I am having a difficult time understanding the statement of the inheritance principle as presented in Pugh's Real Mathematical Analysis. First, let me clarify the notation: $A_r(p)$ or$A_r p$ is the same thing and just means the $r$ - neighborhood of a point $p$ with elements exclusively from the set $A$. Here comes the statement (and proof so you have a bit more context):
Every metric subspace $N$ of $M$ inherits its topology from $M$ in the sense that each subset $V\subset N$ which is open in $N$ is actually the intersection $V=N\cap U$ for some $U\subset N$ that is open in $M$ and vice versa.
Proof: It all boils down to the fact that for each $p\in N$ we have $N_r(p) = N ∩ M_rp$. After all, $N_r(p)$ is the set of $x ∈ N$ such that $d_N (x, p) < r$ and this is exactly the same as the set of those $x ∈ M_rp$ that belong to $N$. Therefore N inherits its r-neighborhoods from $M$. Since its open sets are unions of its r-neighborhoods, $N$ also inherits its open sets from $M$.

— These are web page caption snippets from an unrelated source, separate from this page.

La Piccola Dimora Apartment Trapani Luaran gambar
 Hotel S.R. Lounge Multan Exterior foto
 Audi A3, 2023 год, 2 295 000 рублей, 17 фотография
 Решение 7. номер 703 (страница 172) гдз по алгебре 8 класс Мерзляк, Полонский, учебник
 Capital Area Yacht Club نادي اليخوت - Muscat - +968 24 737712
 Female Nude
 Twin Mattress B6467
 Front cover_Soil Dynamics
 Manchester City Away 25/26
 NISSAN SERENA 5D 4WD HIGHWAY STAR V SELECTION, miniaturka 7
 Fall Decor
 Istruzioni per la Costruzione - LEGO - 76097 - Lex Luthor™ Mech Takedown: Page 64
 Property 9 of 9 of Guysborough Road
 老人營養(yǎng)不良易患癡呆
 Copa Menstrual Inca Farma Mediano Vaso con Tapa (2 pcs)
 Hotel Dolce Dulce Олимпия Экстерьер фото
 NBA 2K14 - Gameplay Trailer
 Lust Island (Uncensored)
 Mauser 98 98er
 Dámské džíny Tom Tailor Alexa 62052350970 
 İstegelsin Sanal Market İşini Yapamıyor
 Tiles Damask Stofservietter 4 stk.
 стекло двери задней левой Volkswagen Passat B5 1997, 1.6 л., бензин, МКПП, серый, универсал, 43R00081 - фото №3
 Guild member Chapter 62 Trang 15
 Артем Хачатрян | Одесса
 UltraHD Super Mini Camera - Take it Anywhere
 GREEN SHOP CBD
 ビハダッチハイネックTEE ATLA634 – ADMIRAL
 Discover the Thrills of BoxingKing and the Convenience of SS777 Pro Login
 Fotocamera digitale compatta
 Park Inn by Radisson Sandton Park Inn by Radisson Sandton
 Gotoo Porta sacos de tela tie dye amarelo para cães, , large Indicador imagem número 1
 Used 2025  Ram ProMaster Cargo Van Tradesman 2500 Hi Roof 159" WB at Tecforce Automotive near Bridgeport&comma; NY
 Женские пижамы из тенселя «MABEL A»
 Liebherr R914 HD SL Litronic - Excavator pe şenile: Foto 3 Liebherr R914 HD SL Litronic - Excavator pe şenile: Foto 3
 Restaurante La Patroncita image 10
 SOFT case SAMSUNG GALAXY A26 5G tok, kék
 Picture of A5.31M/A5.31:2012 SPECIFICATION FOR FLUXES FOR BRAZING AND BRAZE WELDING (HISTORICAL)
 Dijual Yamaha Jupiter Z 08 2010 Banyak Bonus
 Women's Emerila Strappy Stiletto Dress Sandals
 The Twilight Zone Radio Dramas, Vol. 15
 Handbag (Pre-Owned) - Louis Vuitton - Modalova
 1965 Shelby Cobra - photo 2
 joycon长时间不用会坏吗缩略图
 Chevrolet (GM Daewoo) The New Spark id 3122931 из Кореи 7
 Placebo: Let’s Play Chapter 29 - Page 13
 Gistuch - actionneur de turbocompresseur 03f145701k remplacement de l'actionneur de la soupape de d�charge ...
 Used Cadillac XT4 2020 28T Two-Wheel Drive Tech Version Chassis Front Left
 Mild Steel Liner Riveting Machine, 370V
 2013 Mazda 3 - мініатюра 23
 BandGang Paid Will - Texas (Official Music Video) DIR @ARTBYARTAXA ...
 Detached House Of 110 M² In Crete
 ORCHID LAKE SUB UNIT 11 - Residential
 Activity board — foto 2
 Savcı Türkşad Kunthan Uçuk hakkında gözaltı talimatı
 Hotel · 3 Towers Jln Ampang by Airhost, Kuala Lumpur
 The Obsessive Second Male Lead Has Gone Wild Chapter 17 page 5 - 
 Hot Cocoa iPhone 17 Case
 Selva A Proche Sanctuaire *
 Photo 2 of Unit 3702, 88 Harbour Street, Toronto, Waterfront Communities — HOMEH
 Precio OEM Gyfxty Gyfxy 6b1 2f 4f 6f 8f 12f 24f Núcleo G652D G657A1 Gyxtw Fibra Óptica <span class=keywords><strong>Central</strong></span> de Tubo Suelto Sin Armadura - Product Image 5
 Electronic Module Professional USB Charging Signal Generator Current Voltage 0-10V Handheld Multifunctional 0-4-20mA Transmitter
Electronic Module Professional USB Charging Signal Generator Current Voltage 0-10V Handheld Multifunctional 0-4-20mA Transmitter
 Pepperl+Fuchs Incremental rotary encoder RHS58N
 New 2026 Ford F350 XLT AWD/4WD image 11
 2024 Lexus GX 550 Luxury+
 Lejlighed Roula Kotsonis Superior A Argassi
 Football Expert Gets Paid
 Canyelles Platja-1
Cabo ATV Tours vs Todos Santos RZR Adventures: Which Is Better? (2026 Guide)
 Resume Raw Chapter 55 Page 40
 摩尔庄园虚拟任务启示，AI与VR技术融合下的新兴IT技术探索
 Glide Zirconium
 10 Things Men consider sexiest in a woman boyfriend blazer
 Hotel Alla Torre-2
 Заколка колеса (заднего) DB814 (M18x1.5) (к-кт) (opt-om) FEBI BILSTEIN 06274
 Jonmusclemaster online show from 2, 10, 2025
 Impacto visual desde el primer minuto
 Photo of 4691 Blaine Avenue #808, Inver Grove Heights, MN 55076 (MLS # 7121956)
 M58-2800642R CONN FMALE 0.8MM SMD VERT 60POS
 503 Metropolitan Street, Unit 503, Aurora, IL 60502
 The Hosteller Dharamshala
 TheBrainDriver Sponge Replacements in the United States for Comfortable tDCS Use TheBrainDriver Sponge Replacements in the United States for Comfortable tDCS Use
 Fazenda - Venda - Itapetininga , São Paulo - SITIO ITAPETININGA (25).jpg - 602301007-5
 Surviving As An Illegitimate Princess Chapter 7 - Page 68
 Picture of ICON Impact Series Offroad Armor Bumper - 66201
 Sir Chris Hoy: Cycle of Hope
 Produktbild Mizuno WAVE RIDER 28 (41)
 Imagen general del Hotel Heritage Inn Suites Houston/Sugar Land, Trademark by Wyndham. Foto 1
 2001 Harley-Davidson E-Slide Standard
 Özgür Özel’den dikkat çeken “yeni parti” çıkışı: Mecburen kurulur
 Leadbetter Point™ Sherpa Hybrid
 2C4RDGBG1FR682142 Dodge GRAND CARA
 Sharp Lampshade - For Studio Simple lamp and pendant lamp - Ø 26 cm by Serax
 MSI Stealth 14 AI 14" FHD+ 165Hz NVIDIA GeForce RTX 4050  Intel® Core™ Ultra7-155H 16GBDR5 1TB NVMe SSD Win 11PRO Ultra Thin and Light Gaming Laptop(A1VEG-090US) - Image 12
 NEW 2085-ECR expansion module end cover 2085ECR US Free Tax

In more detail, if $V$ is open in $N$ then it is the union of those $N_rp$ with $Nrp ⊂ V$ . Each such $N_rp$ is $N ∩ M_rp$ and the union of these $M_rp$ is $U$, an open subset of $M$. The intersection $N ∩ U$ equals $V$ . Conversely, if $U$ is any open subset of $M$ and $p ∈ V = N ∩ U$ then openness of $U$ implies there is an $M_rp ⊂ U$. Thus $N_rp = N ∩ M_rp ⊂ V$ , which shows that $V$ is open in $N$.
Here I already had trouble understanding the statement he's trying to prove. Luckily the proof sheds some more light but I am still not quite sure so here is the way I understand it:
Condition: Let $M$ be a metric space, let $N\subset M$, let $V\subset N$.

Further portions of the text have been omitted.